Exercise description
Begin the copy at the line containing "Detailed macro view" in the data below and end it at the line containing "Modern coworking area", keeping each line exact and leaving out pictures.

Input
^^^^^^^^

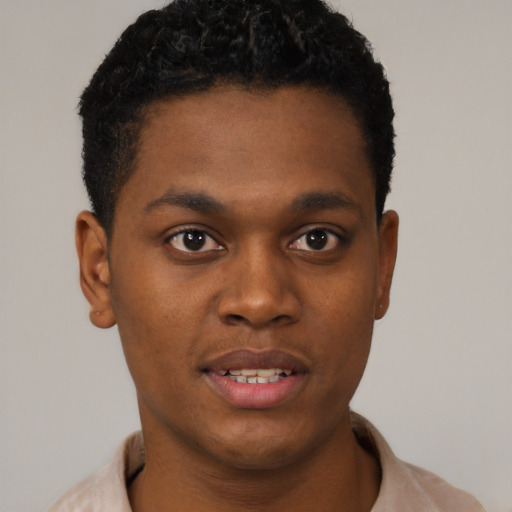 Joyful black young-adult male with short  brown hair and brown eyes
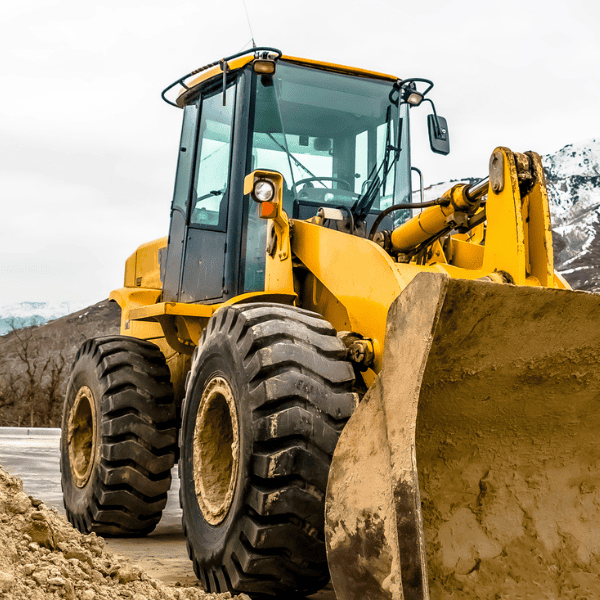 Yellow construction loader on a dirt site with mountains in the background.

^^^^^^^^

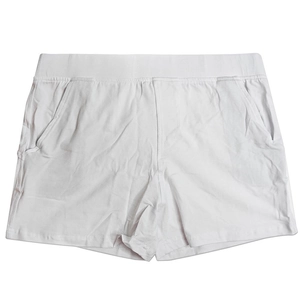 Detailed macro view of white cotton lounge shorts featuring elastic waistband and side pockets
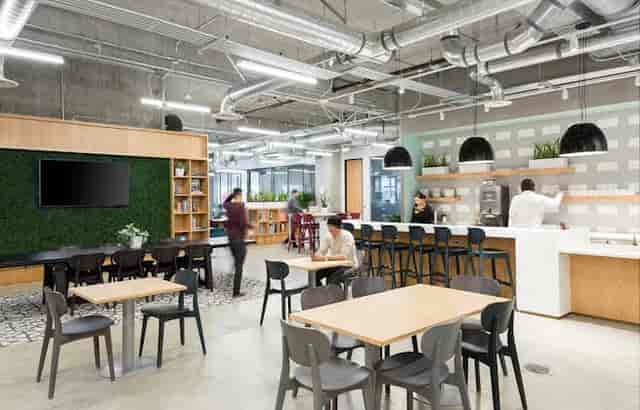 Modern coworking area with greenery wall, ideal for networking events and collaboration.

^^^^^^^^

Written answer
 Detailed macro view of white cotton lounge shorts featuring elastic waistband and side pockets
 Modern coworking area with greenery wall, ideal for networking events and collaboration.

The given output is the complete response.